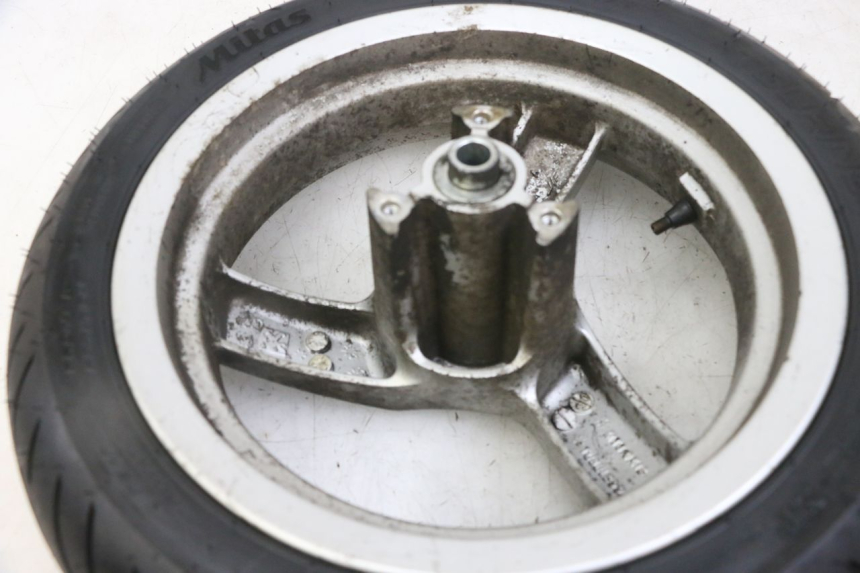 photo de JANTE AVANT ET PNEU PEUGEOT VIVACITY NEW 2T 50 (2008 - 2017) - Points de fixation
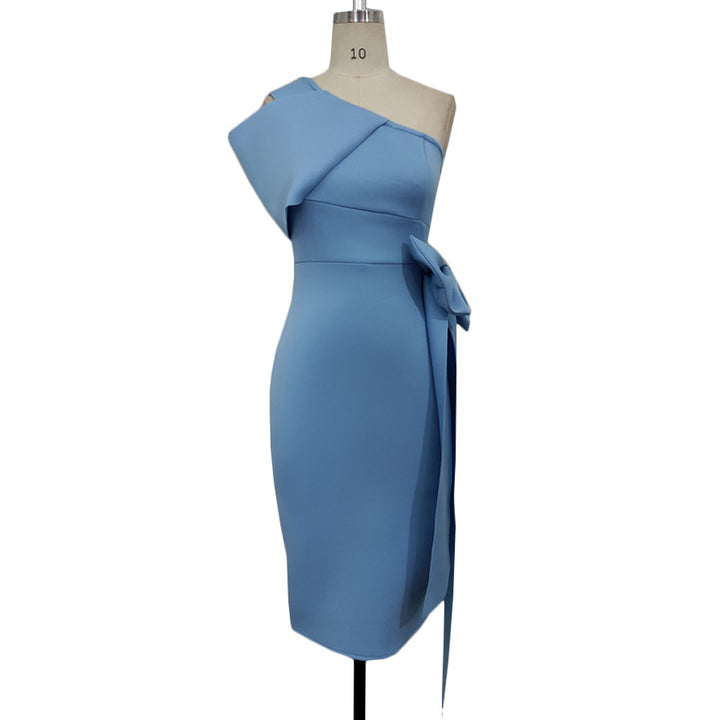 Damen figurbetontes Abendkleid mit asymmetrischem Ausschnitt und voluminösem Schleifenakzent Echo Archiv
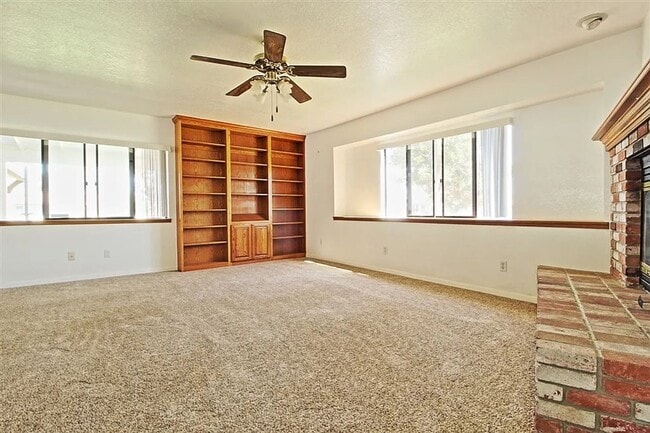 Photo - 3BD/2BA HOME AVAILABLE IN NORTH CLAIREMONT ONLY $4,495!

### WHAT TO PRODUCE
Leave the images out and output the remaining material exactly as it stands.

### REPLY TO THE TASK
 photo de JANTE AVANT ET PNEU PEUGEOT VIVACITY NEW 2T 50 (2008 - 2017) - Points de fixation
 Damen figurbetontes Abendkleid mit asymmetrischem Ausschnitt und voluminösem Schleifenakzent Echo Archiv
 Photo - 3BD/2BA HOME AVAILABLE IN NORTH CLAIREMONT ONLY $4,495!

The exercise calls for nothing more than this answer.